茶の湯において、茶室の虚像の存在を示唆する事例として考えられるものに、四方捌きがあります。
陰陽師、ないしは、道士である亭主による四方捌きは、東南西北、春夏秋冬を清めています。
清める実体行為とは実は、虚数の表現行列Jに関して、時計回りに繰っている四方捌きで一回繰る行為が-Jを茶室の虚像に掛けることと相当していると考えられるのです。
-Jを掛けるとは、ガウス平面において時計回りに90°回転させることなので、90°回転を4回することで方角を順次入れ替えて東南西北を辿り、元の位置に戻ってきます。
この際、茶入を清めるために袱紗に「気」を集めているだけではなく、茶室の虚像の回転で立ち興った清風によって茶室自体が方位と季節と共に清められるのです。
本勝手であれば、I(Re) → I(Im) → III(Im) → V(Im) → VII(Im) → I(Im) → I(Re)。
逆勝手であれば、II(Re) → II(Im) → III(Im) → IV(Im) → VI(Im) → II(Im) → II(Re)。
裏千家流であれば、草の四方捌きにおいて、初めの空送りは実像から虚像への創出・転換を実施しているのかもしれません。
同様に、行や真の四方捌きは、袱紗の裏と表を入れ替えることで実像から虚像への創出・転換を実施しているのかもしれません。
そして、袱紗捌きで畳んだり、折り込んだりすること、ないしは、腰に袱紗を着けることは虚像から実像へ復帰・転換を実施しているのかもしれません。
まさに、陰陽師、ないしは、道士である亭主がなせる技です。
利休百首に、「一点前点るうちには善悪と 有無の心のわかちをも知る」というものがありますが、集中して点前に臨めば、無心になって鬼神をも動かし得るのではないでしょうか。
能楽においては、能舞台も四畳半茶室と同様に正方形をなしており、ユークリッド平面とガウス平面、すなわち、実像と虚像が存在することが、茶室と同様に示唆されます。
能舞台の移動が諸国行脚を表現したり、川や山が現れたり、そして、地獄や辻道という異界が登場したり、世阿弥の夢幻能のように現実ではない世界が現出したりします。
これは、何かしらとらえどころのないものが能舞台に潜んでいるように感じられます。
その実体が、ガウス平面で示される能舞台の虚像とも考えられます。
新型コロナウイルスの影響でZoomのようなWeb会議システムを用いて、オンラインで茶会を催すことがあります。
その際、モニターやディスプレイに示される茶室は、果たして実像なのでしょうか、それとも、虚像なのでしょうか。

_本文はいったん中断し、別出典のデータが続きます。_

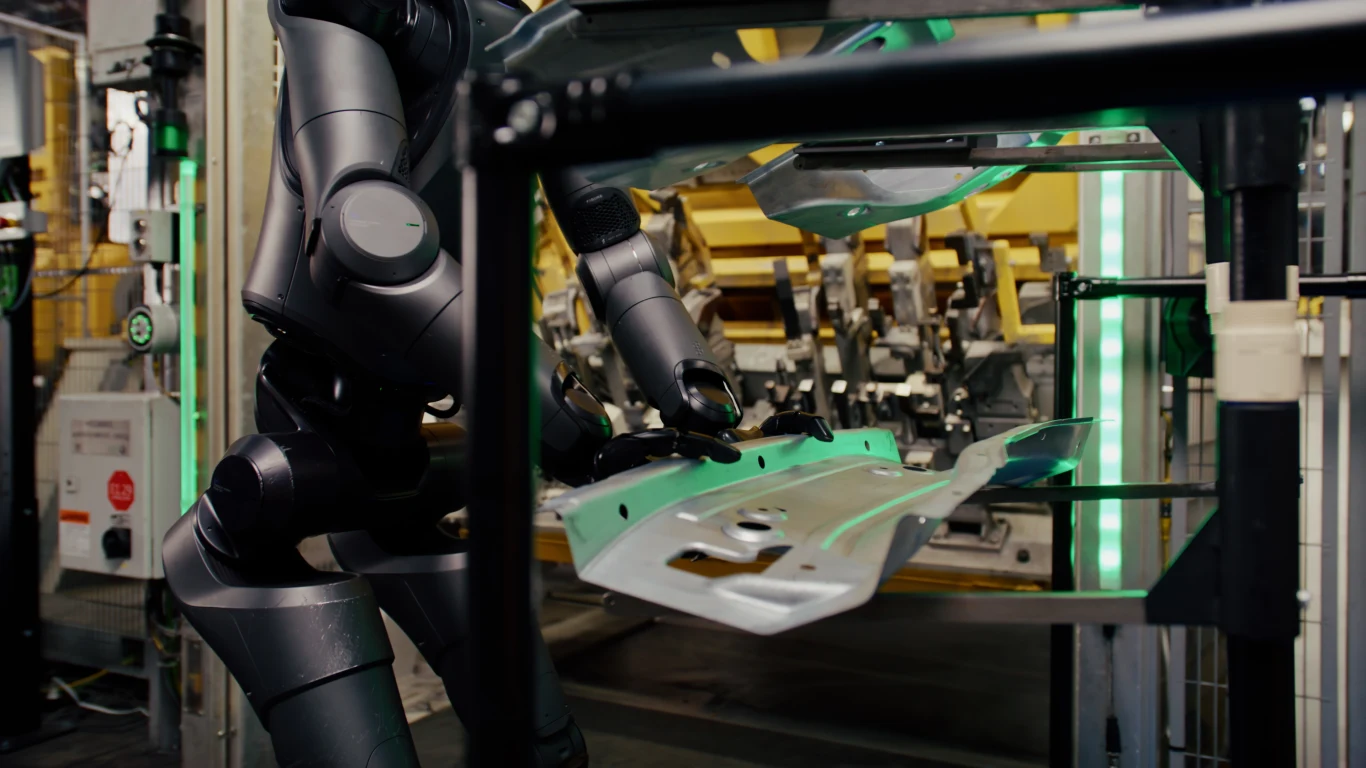 Robot potrafi koordynować pracę obu "rąk"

そこには自身が入り込むことができないので、実像ではないと言えます。
そうであれば、虚像となりますが、モニターやディスプレイで移された茶室には、もはや、茶室のxy平面とは異なる、方角性のない数インチの平面に帰着されます。
写真やビデオは、光子を線型変換して写したものととらえることはできます。
並進移動した後に、何かしらの表現行列をかけて構成されたものと考えられますが、今後の研究課題となります。

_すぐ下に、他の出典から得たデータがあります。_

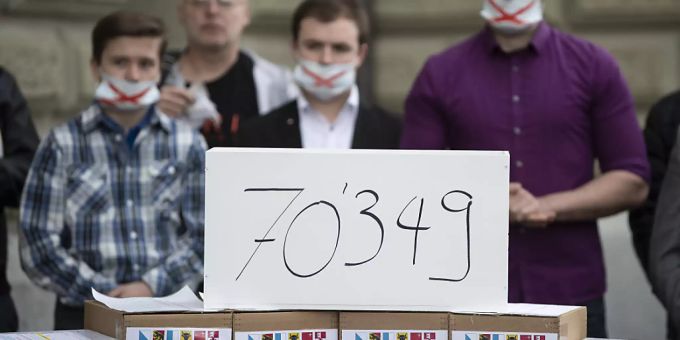 Die Ausweitung der Anti-Rassismus-Strafnorm auf Diskriminierung aufgrund der sexuellen Orientierung kommt vors Volk: Das Referendum ist formell zustande gekommen. Die Gegner sehen in der Gesetzesänderung eine Einschränkung der Meinungsfreiheit. (Archivbild) Die Ausweitung der Anti-Rassismus-Strafnorm auf Diskriminierung aufgrund der sexuellen Orientierung kommt vors Volk: Das Referendum ist formell zustande gekommen. Die Gegner sehen in der Gesetzesänderung eine Einschränkung der Meinungsfreiheit. (Archivbild)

さて、ユークリッド空間やガウス平面とは異なる「研鑽」が積まれる空間において、稽古や精進を積み重ねれば、その都度、上達を促す表現行列によって人は高みに上がり、逆に、怠れば、常時、劣化を促す表現行列、ないしは、上達を促す表現行列の逆行列によって人の力量は下降していくとも考えられます。
そして、稽古を辞めてしまえば、O行列が掛けられ、無に帰してしまいます。
誠に、茶の湯代数幾何学は奥深いものです。
結論としては、本勝手四畳半茶室に対称や回転の線型変換をすると、本勝手と逆勝手において像IからVIIIの8つの像に写され、幾何学模様のように群となります。更に、畳上のユークリッド平面と数学的に同型であるガウス平面を導入すると、実像と虚像の16個の像となります。不動である実像はヒトに認識されるのに対して、虚像は通常、認識されません。しかし、道士や陰陽師である亭主が四方捌きの際に時計回りに一回繰ると、虚像平面が時計回りに90°回転して4回目に元に戻ります。これにより、東南西北と春夏秋冬である時空間が清められ、袱紗にも「気」が集積します。このように、陰陽五行説に基盤を置く茶の湯には、人知には理解しがたい側面もありますが、それを巧みに御していく亭主は日々の研鑽が必要となります。その結果、客も茶室において特別な体験を得ることができると考えられます。